• What needs to be done: Copy out the full listing below as it stands, with its pictures left behind.

• Exercise data:
-- Opening Marker --

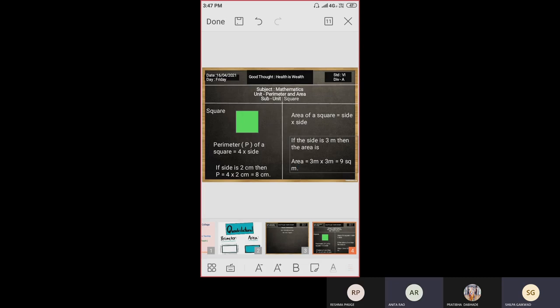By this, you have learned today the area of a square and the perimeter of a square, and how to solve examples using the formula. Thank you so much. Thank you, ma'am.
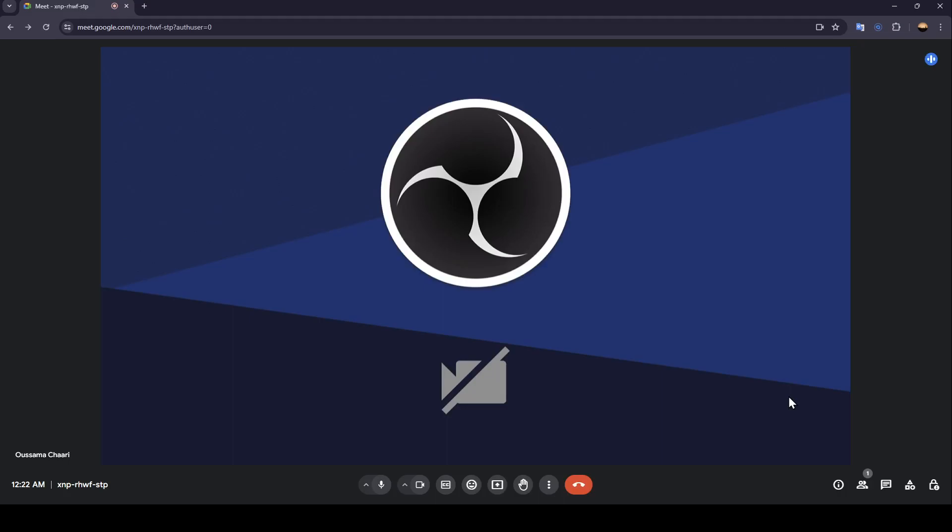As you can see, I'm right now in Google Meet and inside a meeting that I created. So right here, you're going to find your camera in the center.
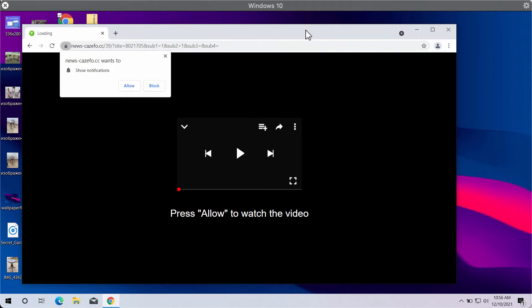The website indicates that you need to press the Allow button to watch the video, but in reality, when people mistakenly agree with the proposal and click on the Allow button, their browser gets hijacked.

-- Closing Marker --

• Response area:
By this, you have learned today the area of a square and the perimeter of a square, and how to solve examples using the formula. Thank you so much. Thank you, ma'am.
As you can see, I'm right now in Google Meet and inside a meeting that I created. So right here, you're going to find your camera in the center.
The website indicates that you need to press the Allow button to watch the video, but in reality, when people mistakenly agree with the proposal and click on the Allow button, their browser gets hijacked.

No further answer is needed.